Startup Nomad Interview with Angela Cois (Mexico)

This week’s Startup Nomad interview is with Angela Cois, the COO and Cofounder of LastRoom. She’s an Italian who relocated to Mexico many years ago and has been involved in the startup community practically since it began to grow in Mexico. The idea for her company was actually born during a Startup Weekend back in 2010.

Like many of the other people I spoke to in Latin America, Angela says that a lack of capital is really holding the ecosystem back.

“It’s a big problem,” she told me. “There is money but it’s difficult to catch the interest of an investor. There are plenty of traditional investors…but e-commerce or digital tech companies are quite far from their knowledge or perception and they see it as a very high risk investment.”

In her opinion, this is especially true in the so-called ‘valley of death,’ the time between a startup company’s initial seed funding and when it can generate enough revenue to sustain itself. Here in Mexico, specifically, she noted that accelerator programs and other seed funds have helped improve access to the very initial seed money needed to create a minimum viable product and launch; between this initial investment and the time that the company is generating revenue and needs growth capital of $1 million dollars or more, however, there are almost no options for funding, “unless you know people.”
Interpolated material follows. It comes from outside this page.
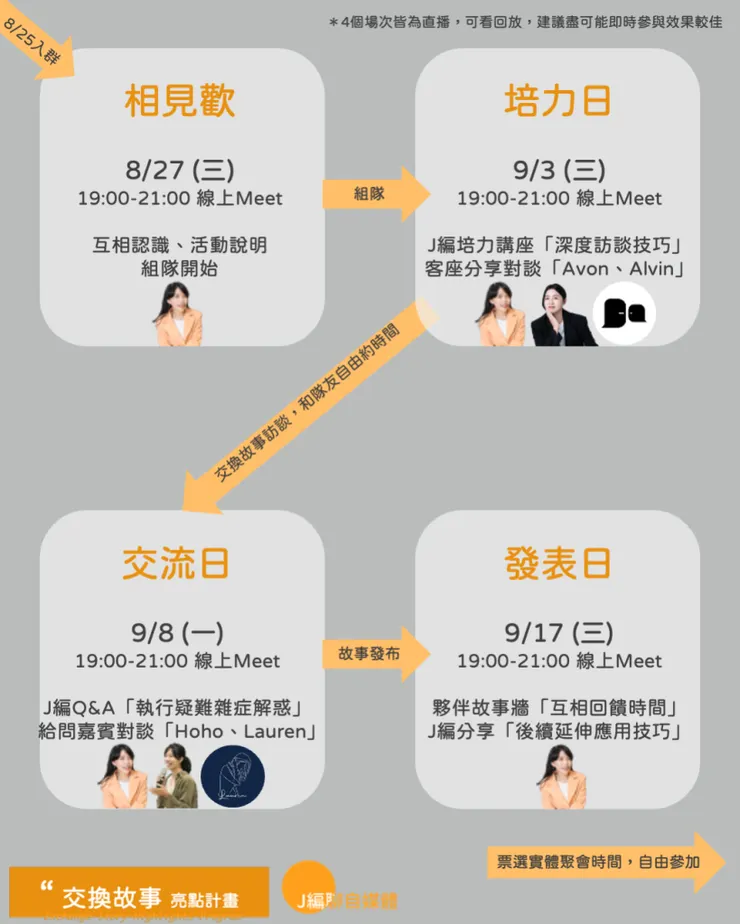 vocus｜新世代的創作平台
“It’s a pity that very good projects just die because they run out of money,” she said.

She thinks that aversion to earlier stage investments in tech companies can and will change, however.

“It’s a culture,” she said. “It’s a culture that is gradually growing the last few years thanks to events and to a lot of initiatives that people are doing to promote the ecosystem, but this kind of sensibility or culture is not so strong here [yet].”

She believes that the cultural change and the growth in access to capital must come from the people on the ground in the entrepreneurial ecosystem here, not from government initiatives.

“It’s a matter of entrepreneurs, of people,” she told me.”And of investors; because without money you can’t keep on trying. You could have the best business model but if you don’t have money you can try for 3 months or 6 months and then you have to stop, you have to give up…

…I think that this organic growth can come from both sides:,” she continued. “From entrepreneurs and investors. We have to learn, both sides, we have to learn a lot.”

Along those same lines, Angela expressed another common sentiment among the Latin American entrepreneurs with whom I’ve spoken: that the ecosystem needs to see local role models in order to reach its full potential.

“We need to learn  a lot because we don’t have great role models here,” she said. “We are the first doing this. It’s not the same as Silicon Valley.”

So what is Angela’s advice to aspiring entrepreneurs?

“Start your own business when you have personal savings [to fund it] and when you’re more mature in how you utilize your personal resources” she said. “It makes you more serious if you’re trying to figure out the best way to spend your money, focusing only on your priorities and on your core business, and this is very important because it makes you more concentrated. It’s a great thing for entrepreneurs.”